**Instructions for the task**
What is needed is a word-for-word copy of the lines below from the one with "ضبط 5 عمال مخالفين بسوق الدمام المركزي" through the one with "trước scandal. Trước", both included, with every picture left out.

**Information provided**
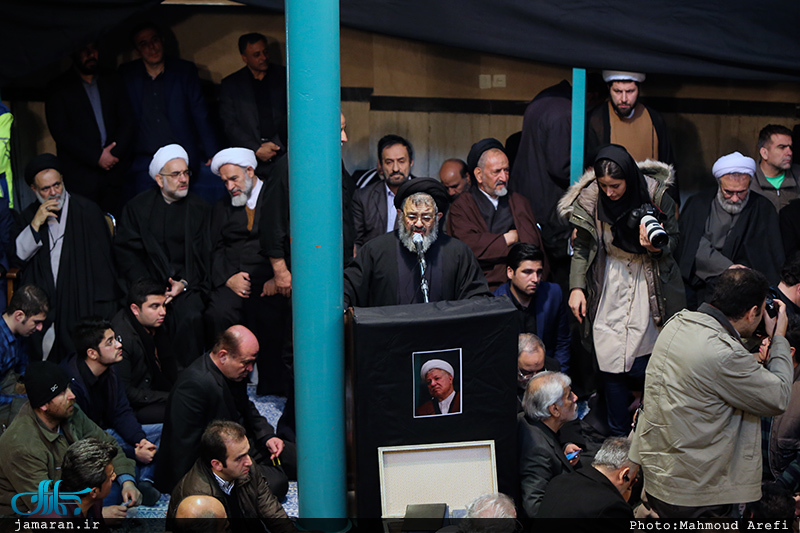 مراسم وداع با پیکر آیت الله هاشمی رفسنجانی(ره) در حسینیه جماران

--

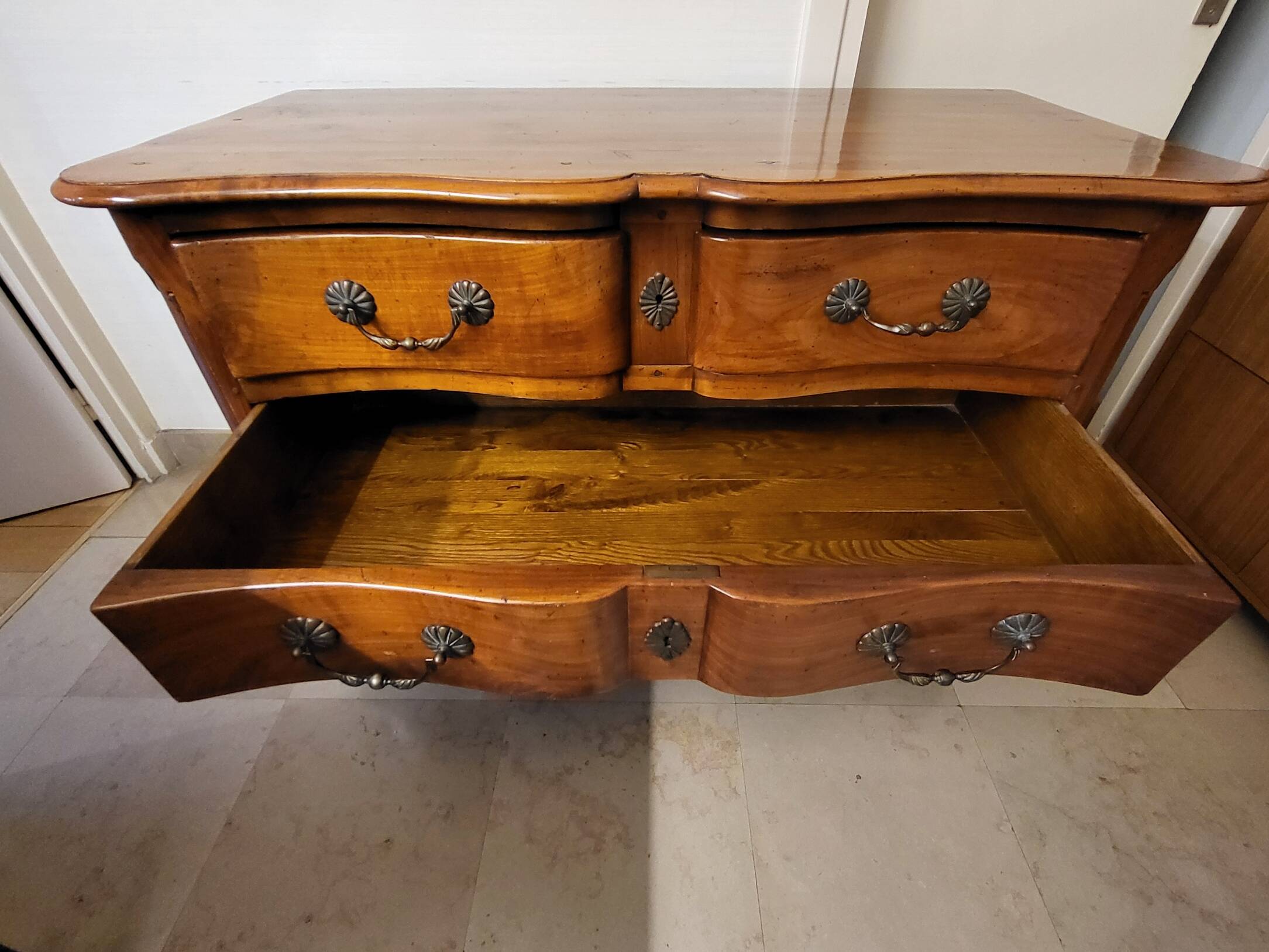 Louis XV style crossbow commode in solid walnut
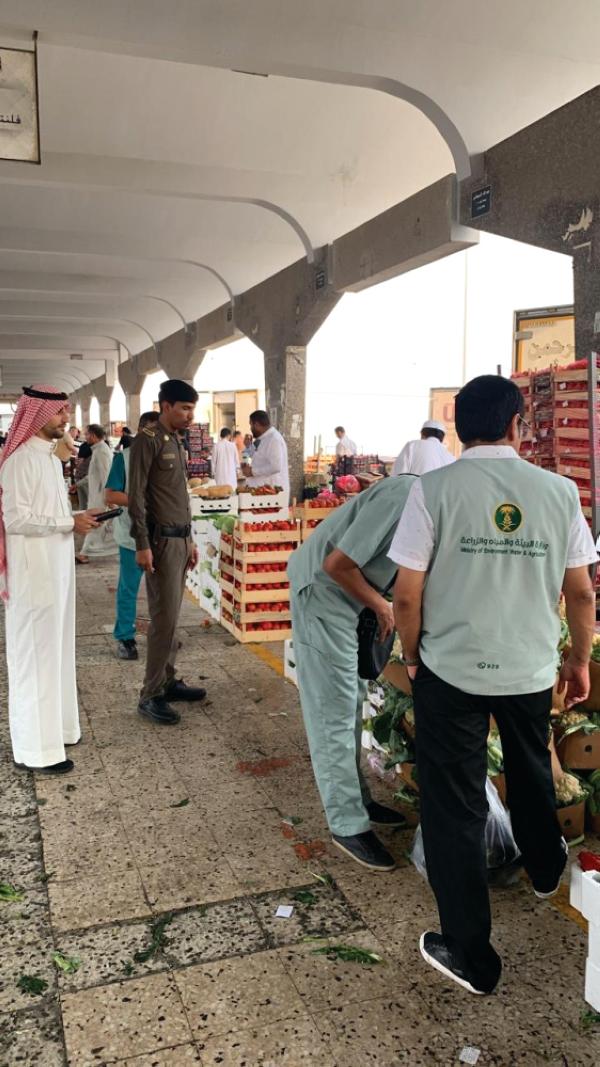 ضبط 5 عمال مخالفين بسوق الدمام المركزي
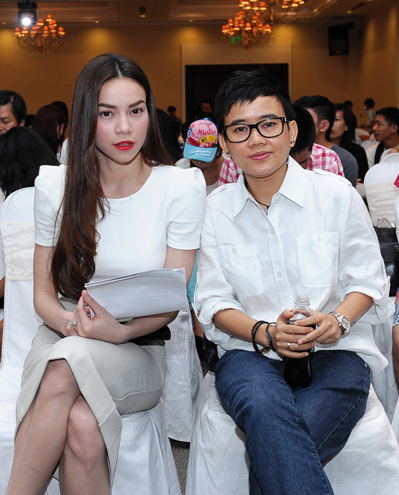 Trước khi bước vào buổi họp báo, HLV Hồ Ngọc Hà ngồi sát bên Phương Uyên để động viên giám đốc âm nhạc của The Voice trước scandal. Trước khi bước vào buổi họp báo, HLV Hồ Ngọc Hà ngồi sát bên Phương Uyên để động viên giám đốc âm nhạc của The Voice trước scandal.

**Solution for this problem**
 ضبط 5 عمال مخالفين بسوق الدمام المركزي
 Trước khi bước vào buổi họp báo, HLV Hồ Ngọc Hà ngồi sát bên Phương Uyên để động viên giám đốc âm nhạc của The Voice trước scandal. Trước khi bước vào buổi họp báo, HLV Hồ Ngọc Hà ngồi sát bên Phương Uyên để động viên giám đốc âm nhạc của The Voice trước scandal.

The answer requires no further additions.